One day I was watching the Ironman World Championship and it featured a story about a son and father called Team Hoyt, watching their story that day changed my world. Rick (the son) was a quadriplegic with cerebral palsy. Dick (the father) refused to have Rick institutionalized even though he couldn’t walk or speak his eyes would follow Dick and his wife as they moved around the room. The family would take Rick sledding, swimming and even taught him the alphabet and basic words, they treated like any other child. As technology advanced Rick was given an interactive computer, he could highlight letters of the alphabet by just a simple tap with his head against a head piece attached to his wheelchair. One day Rick told his father that he wanted to participate in a five mile charity run which meant Dick had to push Rick in a wheel chair to the finish line which he did. Later that night after the race Rick told his father “Dad, when I’m running it feels like I’m not handicapped” and that is when the magic started.

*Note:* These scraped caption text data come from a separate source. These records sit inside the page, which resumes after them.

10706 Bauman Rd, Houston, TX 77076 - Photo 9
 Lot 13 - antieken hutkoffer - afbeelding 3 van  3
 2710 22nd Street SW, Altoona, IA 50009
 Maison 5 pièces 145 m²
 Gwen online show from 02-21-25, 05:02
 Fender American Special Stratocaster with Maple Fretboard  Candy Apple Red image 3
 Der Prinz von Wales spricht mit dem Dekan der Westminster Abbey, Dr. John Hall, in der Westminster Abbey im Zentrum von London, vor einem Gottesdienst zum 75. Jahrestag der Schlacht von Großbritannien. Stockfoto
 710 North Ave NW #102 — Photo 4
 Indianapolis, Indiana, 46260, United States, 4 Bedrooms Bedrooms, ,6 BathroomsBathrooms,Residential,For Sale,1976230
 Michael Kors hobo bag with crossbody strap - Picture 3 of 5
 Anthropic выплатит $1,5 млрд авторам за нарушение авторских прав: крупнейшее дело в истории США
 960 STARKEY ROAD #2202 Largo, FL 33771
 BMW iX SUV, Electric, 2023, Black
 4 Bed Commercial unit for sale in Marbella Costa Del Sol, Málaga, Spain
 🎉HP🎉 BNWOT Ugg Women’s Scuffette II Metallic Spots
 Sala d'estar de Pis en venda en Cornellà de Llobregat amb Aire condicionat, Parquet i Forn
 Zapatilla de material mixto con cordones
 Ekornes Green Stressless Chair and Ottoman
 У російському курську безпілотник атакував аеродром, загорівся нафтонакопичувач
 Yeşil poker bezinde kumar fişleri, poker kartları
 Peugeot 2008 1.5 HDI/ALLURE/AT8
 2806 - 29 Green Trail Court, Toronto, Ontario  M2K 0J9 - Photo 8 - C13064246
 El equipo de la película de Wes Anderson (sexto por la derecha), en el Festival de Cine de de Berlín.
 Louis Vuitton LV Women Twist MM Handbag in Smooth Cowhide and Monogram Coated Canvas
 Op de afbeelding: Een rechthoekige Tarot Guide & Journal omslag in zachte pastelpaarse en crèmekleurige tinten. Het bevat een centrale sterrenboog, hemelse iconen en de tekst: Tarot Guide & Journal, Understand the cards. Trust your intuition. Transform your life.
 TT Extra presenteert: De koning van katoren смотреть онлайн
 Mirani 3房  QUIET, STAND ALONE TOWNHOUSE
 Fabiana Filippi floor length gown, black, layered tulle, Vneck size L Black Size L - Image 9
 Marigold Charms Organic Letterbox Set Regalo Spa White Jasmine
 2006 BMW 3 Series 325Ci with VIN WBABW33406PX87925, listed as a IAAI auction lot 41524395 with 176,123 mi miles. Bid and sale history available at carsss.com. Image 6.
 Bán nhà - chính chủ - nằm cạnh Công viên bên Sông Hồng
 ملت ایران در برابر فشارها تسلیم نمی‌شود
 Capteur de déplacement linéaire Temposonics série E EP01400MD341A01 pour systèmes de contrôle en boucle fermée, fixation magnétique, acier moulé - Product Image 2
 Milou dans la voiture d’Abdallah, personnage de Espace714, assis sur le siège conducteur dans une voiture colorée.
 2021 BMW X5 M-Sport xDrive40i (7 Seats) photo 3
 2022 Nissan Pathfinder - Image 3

Those words led to over 1,000 races completed including six ironman competitions. Dick would pull Rick in a boat with a bungee cord attached to his waist for the swimming stage. For the biking stage, Rick rode a special two-seater bicycle and then Dick would push Rick in his custom made running chair to the finishing line. Rick was once asked, if he could give his father one thing, what would it be and he replied that I would like for my dad to sit in the chair so I could push him for once. There was something about the special bond between them that touched me deeply and before I knew it I was training for my first Ironman and believe me it wasn’t easy because I didn’t know how to swim and couldn’t run around the block without catching my breath a few times.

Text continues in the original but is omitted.